Weather is modelled as a Markov chain(first row corresponds to state $0$ (sunny), second row to state $1$(rainy)):
$$ \begin{bmatrix} 0.8 & 0.2 \\ 0.4 & 0.6 \end{bmatrix} $$
The problem is to find the average length of a rainy period. Now the hint given was to find: $$ \sum_{k=1}^\infty kP(X_{k}=0,X_{k-1}=1\dots,X_1=1|X_0=1) \\ =\sum_{k=1}^\infty k 0.4(0.6)^{k-1}\\ $$
I found this to be $2.5$. But I am not comfortable with that expression because it does not impose a restriction on the state of the chain before $X_0$. If the state were $1$, the length of this rainy period would be longer! So instead I evaluated this: $$ \sum_{k=1}^\infty kP(X_{k+1}=0,X_{k}=1\dots,X_1=1|X_0=0) \\ \sum_{k=1}^\infty k 0.4(0.6)^{k-1}0.2\\ $$ which is $0.5$.
But it cannot be 0.5 because the minimum length of rainy period is 1!
I simulated this process in MATLAB and the value seemed to be around $1.5$. (I will post my code if you think this is incorrect)
One other way to do this is to find the expected return time from state $0$ to $0$ and then subtract $1$. Because the return time is $\frac{1}{\frac{2}{3}} = 1.5$, this method gives me $0.5$.(see EDIT)

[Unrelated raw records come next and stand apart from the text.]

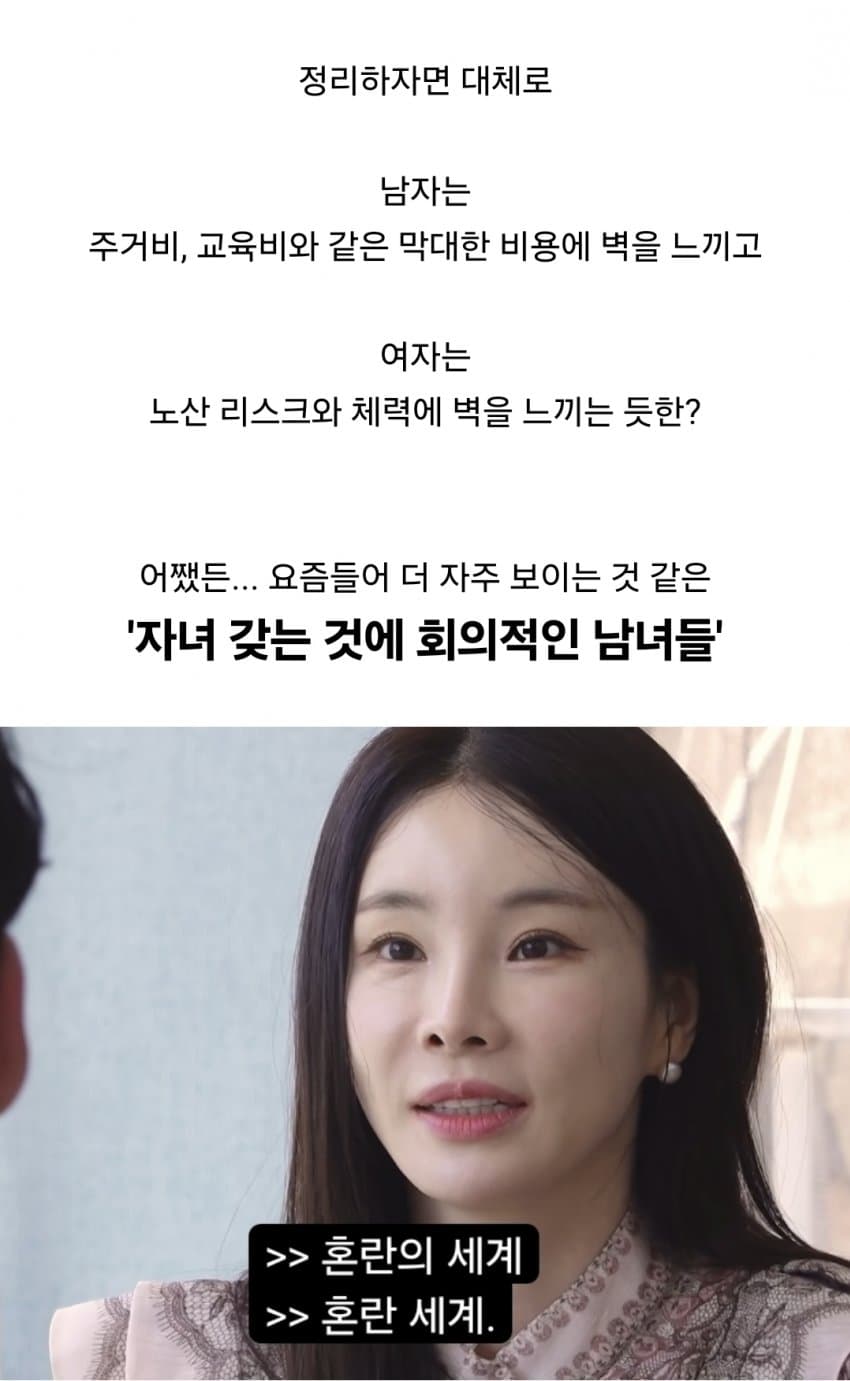 요즘 늘었다는 반출생주의 남녀들 (9)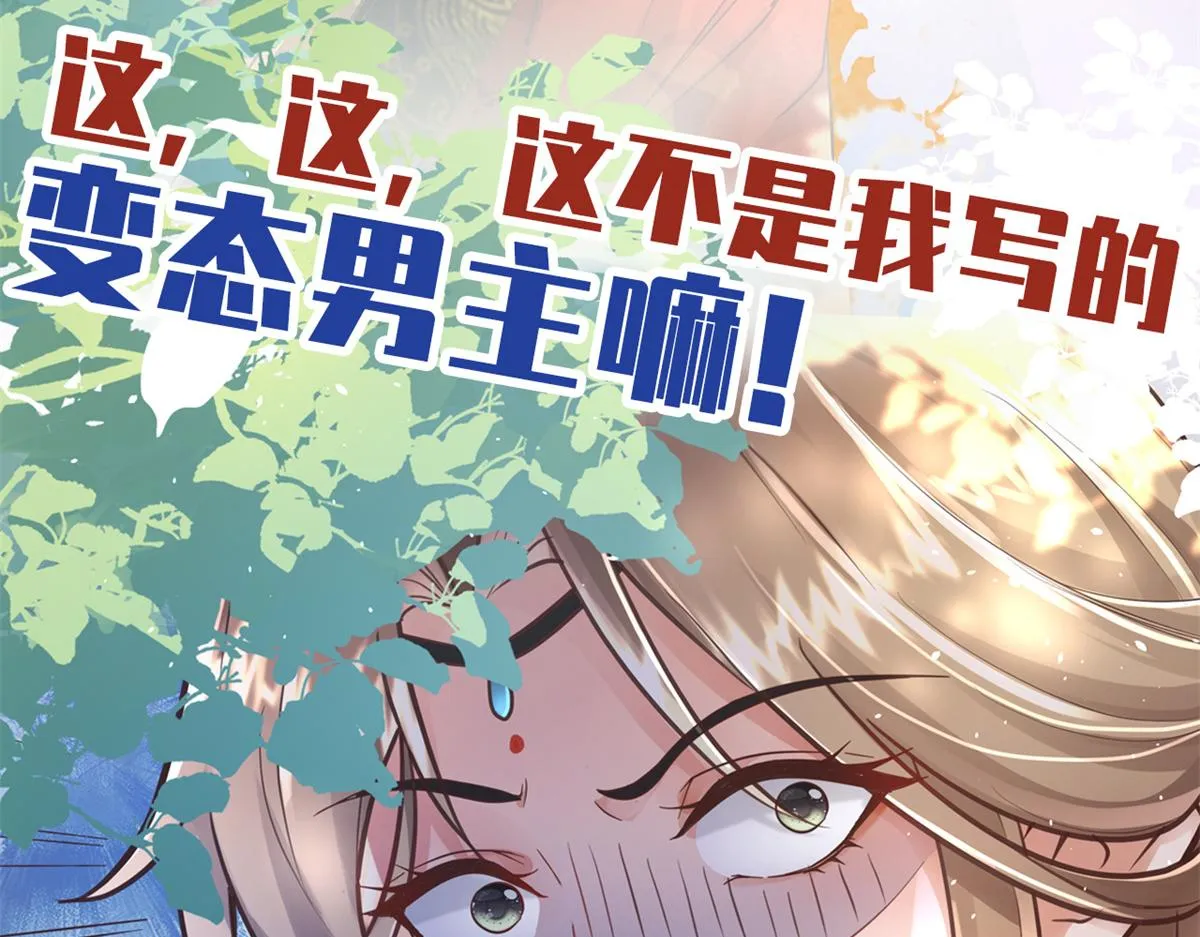 预告 第18页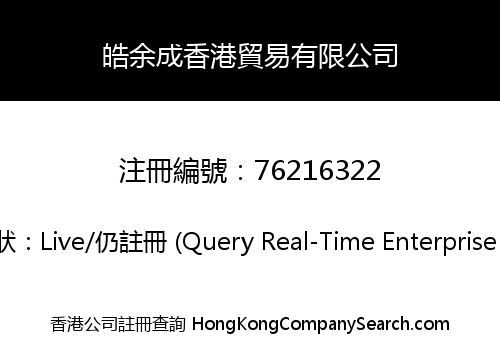 皓余成香港貿易有限公司
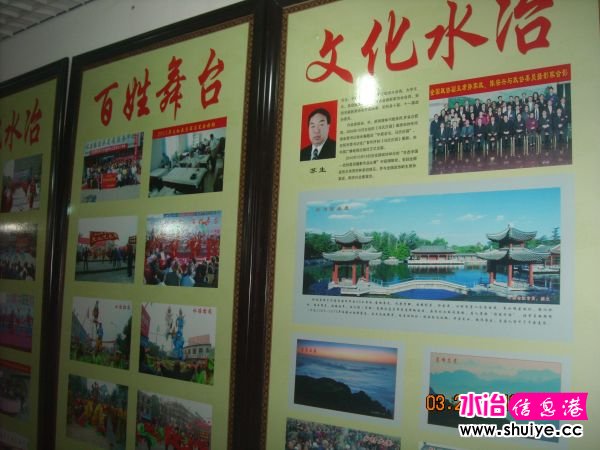 DSCN5153.JPG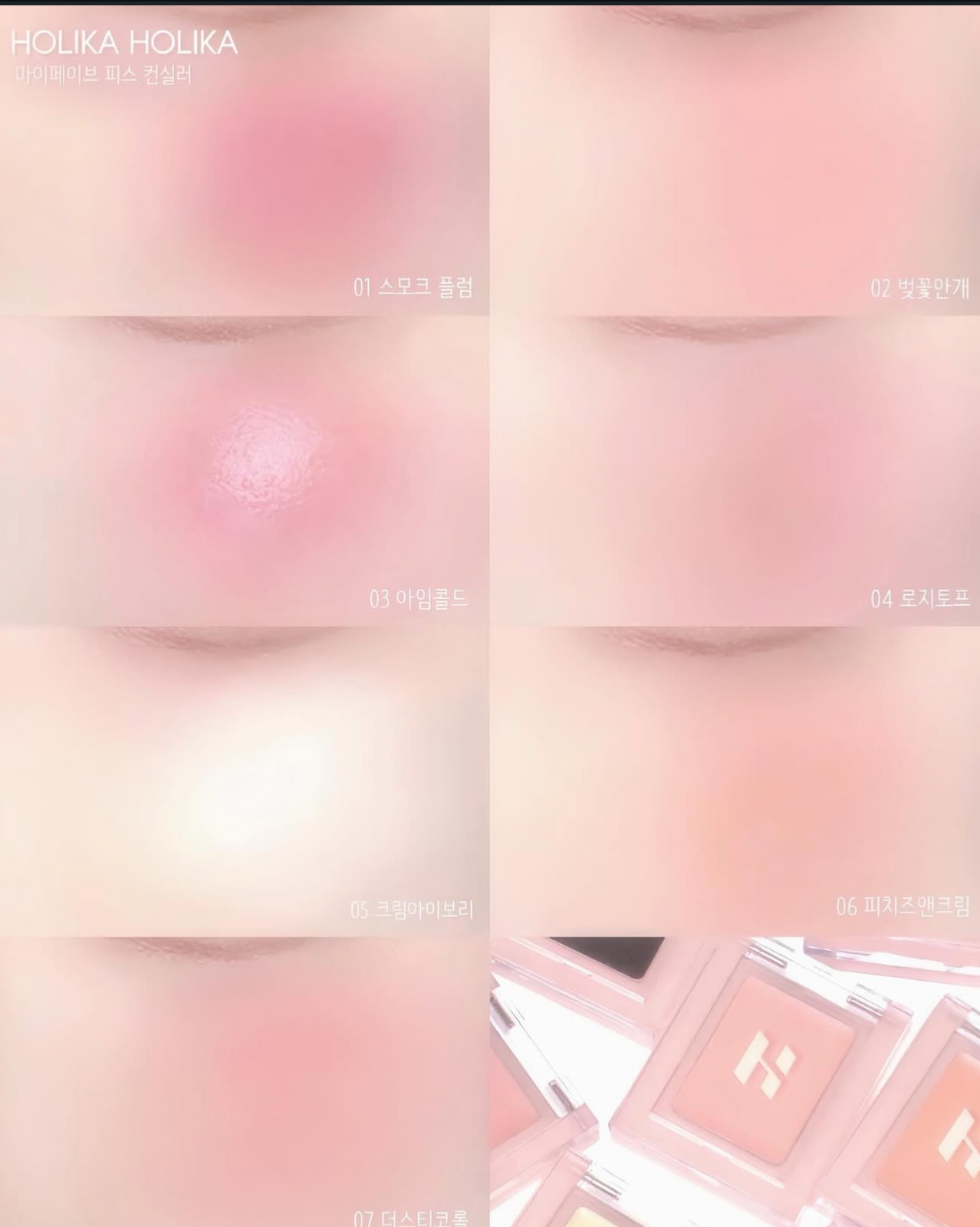 Holika Holika 多用途校正調色拼圖腮紅遮瑕盤🧩| Holika Holika My Fave Piece Concealblusher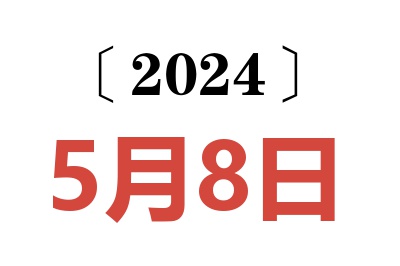 2024年5月8日老黄历查询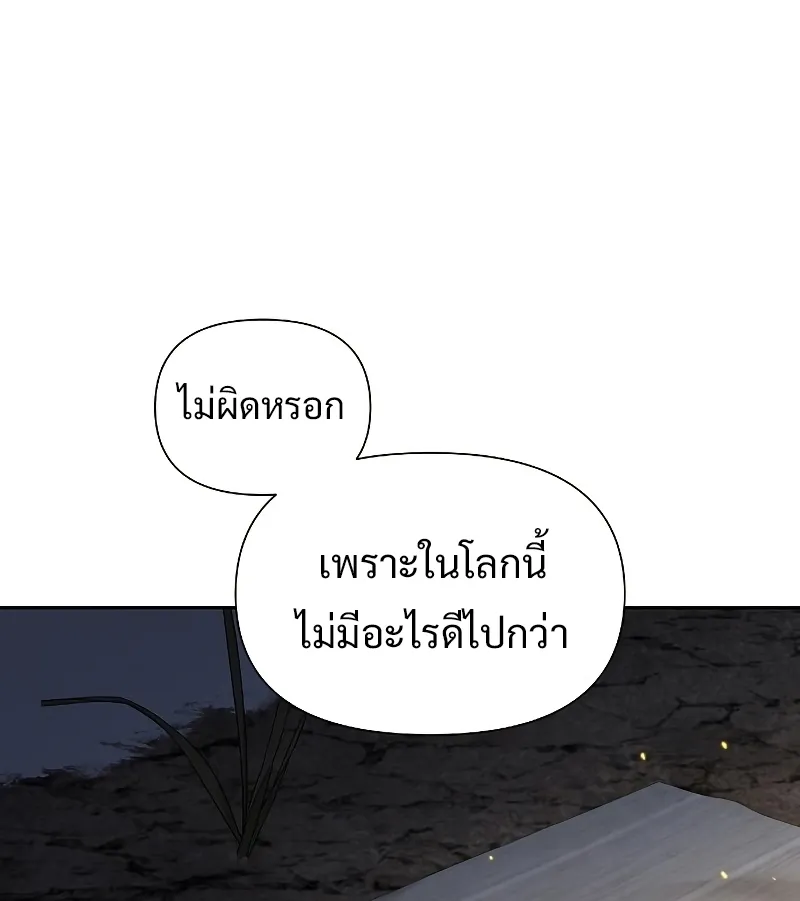 The Priest of Corruption - หน้า 130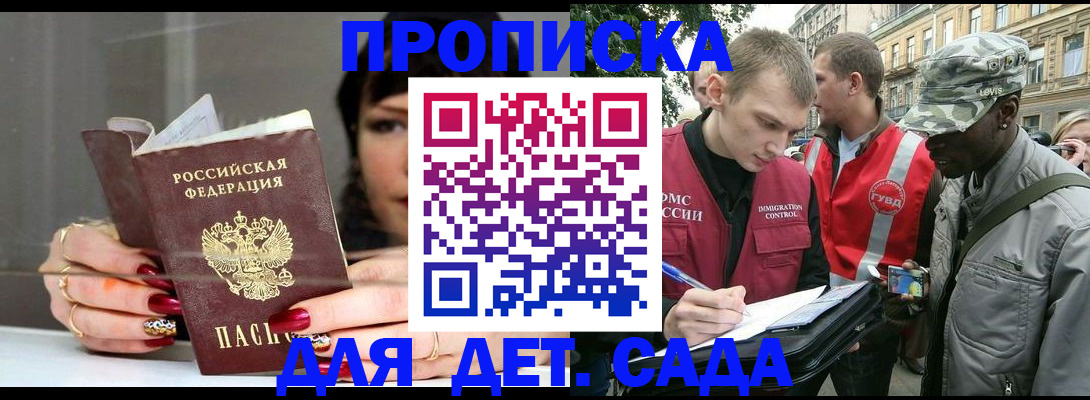 временная регистрация купить в Сураже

I am totally confused as to which is right and why the others are wrong.
Any help is greatly appreciated. Thanks.
EDIT: I just realised that the average return time method is wrong because going from state $0$ to $0$ is taken into account when calculating the average return time (in this case the return time is 1), but it should not appear in computing average rainy period as there is no rainy period in 2 consecutive sunny days.
EDIT: Here is the code I wrote to simulate the chain:
n = 10000;
P = [0.8 0.2;0.4 0.6];
mun = [0.9 0.1];
X = zeros(n+2,1);
for i=1:n
t = rand;
if t > mun(1)
X(i+1) = 1;
end
mun = mun * P;
end
% find the starting and ending of rainy periods
A = find(diff(X));
% every even position in A has the end of a rainy period and every
% odd position has the start of a rainy period
rainyPeriods = A(2:2:end) - A(1:2:end);
mean(rainyPeriods)